戦争はすべての営みを破壊し、愛も幸福も奪い去るものですが、特に力の弱い存在ほど踏みにじられます。私たちは平和を脅かすようなあらゆる企てに反対し、この社会を危険な方向に導くような動きは全力で食い止めなければなりません。
私はこの9条の会がそのための砦となるよう自分が先ず努める覚悟ですが、同時に日本中の障害者が呼びかけに応えて結集されることを訴えたいと思います。
■花田春兆さん
憲法。60年の節目とあって戦後の総括と超克を名目にした改憲運動はいよいよ勢いを得て、妥協を許さない決着を迫ろうとしている。賛か否か二者択一の二極化、と言っても国会の情勢などは、すでに一極化の様相を呈している。

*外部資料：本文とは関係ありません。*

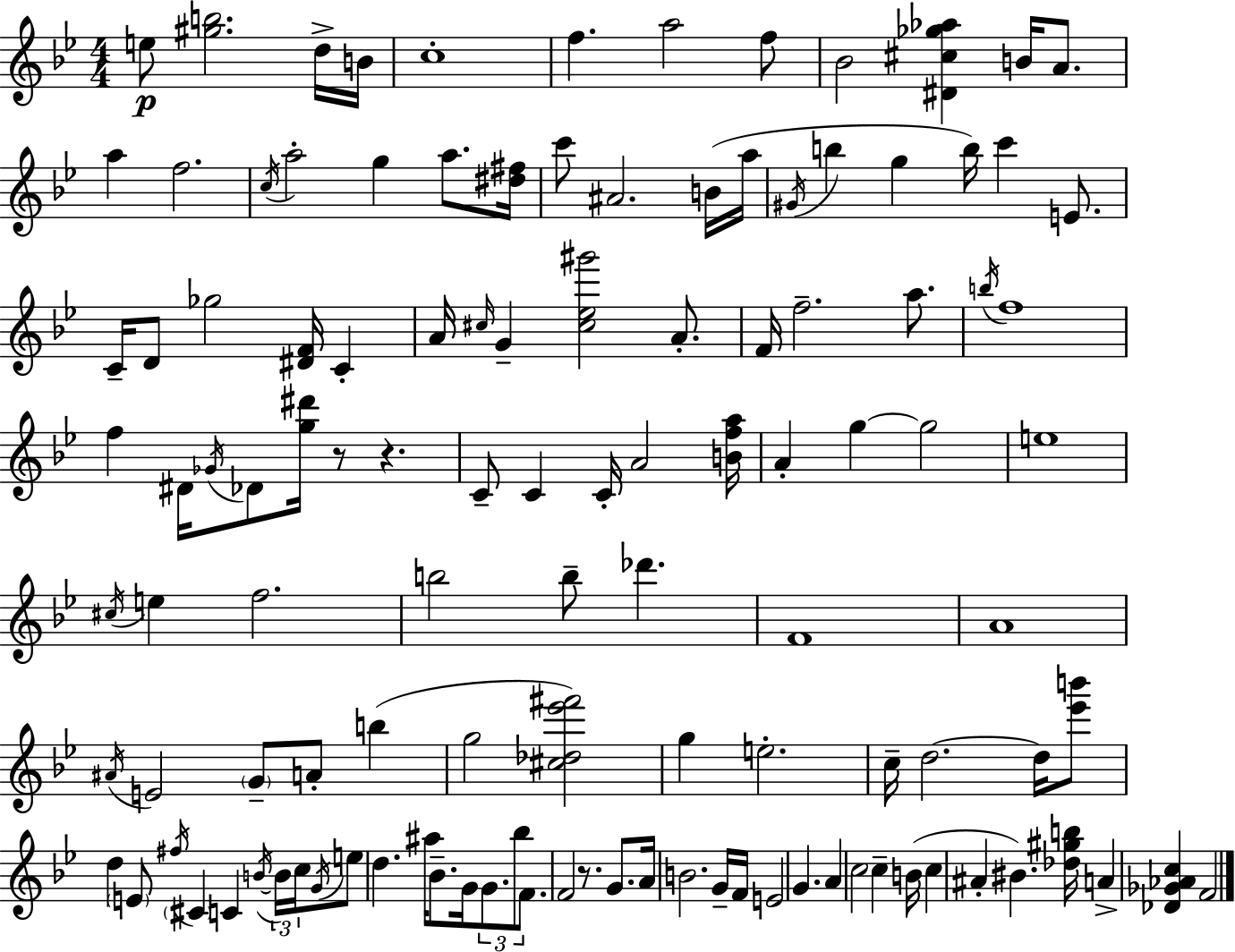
{
  \clef treble
  \numericTimeSignature
  \time 4/4
  \key g \minor
  e''8\p <gis'' b''>2. d''16-> b'16 | c''1-. | f''4. a''2 f''8 | bes'2 <dis' cis'' ges'' aes''>4 b'16 a'8. | \break a''4 f''2. | \acciaccatura { c''16 } a''2-. g''4 a''8. | <dis'' fis''>16 c'''8 ais'2. b'16( | a''16 \acciaccatura { gis'16 } b''4 g''4 b''16) c'''4 e'8. | \break c'16-- d'8 ges''2 <dis' f'>16 c'4-. | a'16 \grace { cis''16 } g'4-- <cis'' ees'' gis'''>2 | a'8.-. f'16 f''2.-- | a''8. \acciaccatura { b''16 } f''1 | \break f''4 dis'16 \acciaccatura { ges'16 } des'8 <g'' dis'''>16 r8 r4. | c'8-- c'4 c'16-. a'2 | <b' f'' a''>16 a'4-. g''4~~ g''2 | e''1 | \break \acciaccatura { cis''16 } e''4 f''2. | b''2 b''8-- | des'''4. f'1 | a'1 | \break \acciaccatura { ais'16 } e'2 \parenthesize g'8-- | a'8-. b''4( g''2 <cis'' des'' ees''' fis'''>2) | g''4 e''2.-. | c''16-- d''2.~~ | \break d''16 <ees''' b'''>8 d''4 \parenthesize e'8 \acciaccatura { fis''16 } \parenthesize cis'4 | c'4 \acciaccatura { b'16~ }~ \tuplet 3/2 { b'16 c''16 \acciaccatura { g'16 } } e''8 d''4. | ais''16 bes'8.-- g'16 \tuplet 3/2 { g'8. bes''8 f'8. } f'2 | r8. g'8. a'16 b'2. | \break g'16-- f'16 e'2 | g'4. a'4 c''2 | c''4-- b'16( c''4 ais'4-. | bis'4.) <des'' gis'' b''>16 a'4-> <des' ges' aes' c''>4 | \break f'2 \bar "|."
}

改憲賛成派は私の周りにもいる。アメリカのお仕着を脱がなければ、独立は完成しないとおっしゃる。しかしその第9条を一番脱がせたいのが、当のアメリカなのだから何とも皮肉だ。
防衛に限定するというのだが、どこの国だって防衛・国防であり、攻撃・侵略をどこが名乗っているだろうか。
−−武力による紛争解決法、戦争。それは障害者にとって物理的・心理的に極限状態をもたらす。そして戦争こそ障害者を大量発生させる最大の要因なのだ。障害を負うことの不便・不利益を実体験している当事者だからこそ、声高に主張して行かねばならない−−
この原則・理念に変りのあろうはずはない。だが十年一日の原則論だけでは、NHK調査が誇示しているような内閣支持率に民主党も加えた圧倒的な世論とやらに太刀打ちは難しい。それをこちらに振り向かせるには、相応のアクションに結びつく現実的な対応が必要になるのだが。
しかし、自由を奪われ、自分のやりたいことがやれなくなる、いまある生活が全部なくなり、奪われてしまうのが戦争です。敵と刃を交える最前線だけの問題ではありません。すべての人みんなの問題です。私も「障害者・患者9条の会」のよびかけ人の一人として、力を尽くします。